START PROVIDED DATA
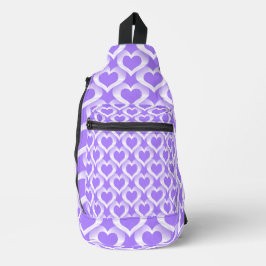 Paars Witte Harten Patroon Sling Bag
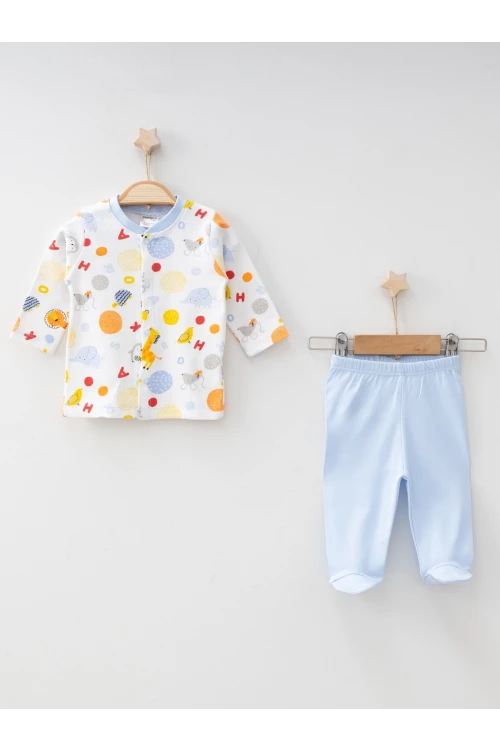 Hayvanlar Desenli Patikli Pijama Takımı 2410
END PROVIDED DATA
START PROVIDED DATA
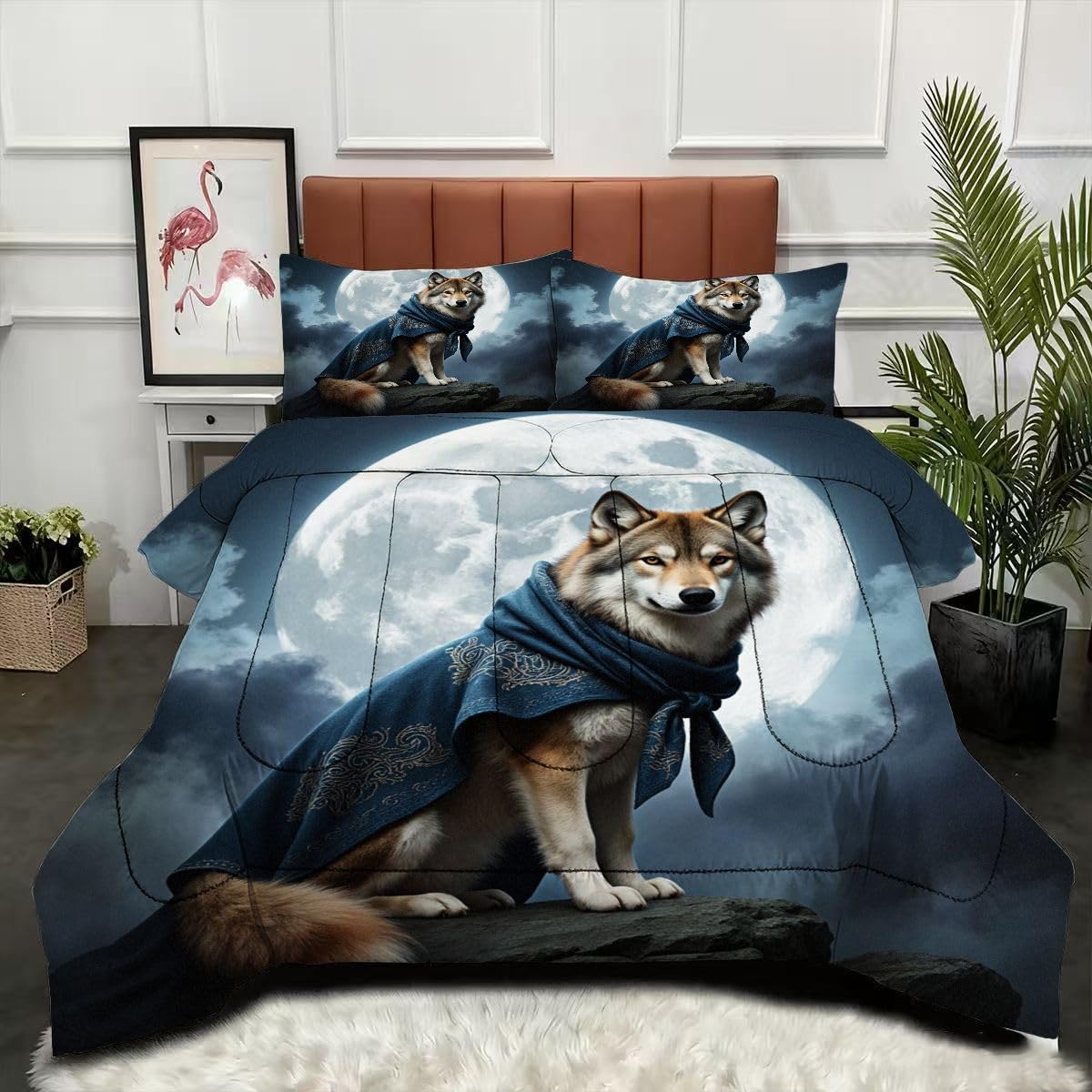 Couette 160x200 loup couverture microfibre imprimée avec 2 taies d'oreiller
END PROVIDED DATA
### [YOUR OBJECTIVE]
Go back to the listing above and reproduce, exactly, the stretch from the line bearing "Paars Witte Harten Patroon Sling Bag" through the line bearing "Hayvanlar Desenli Patikli Pijama Takımı 2410", without its pictures.

### [THE ANSWER]
 Paars Witte Harten Patroon Sling Bag
 Hayvanlar Desenli Patikli Pijama Takımı 2410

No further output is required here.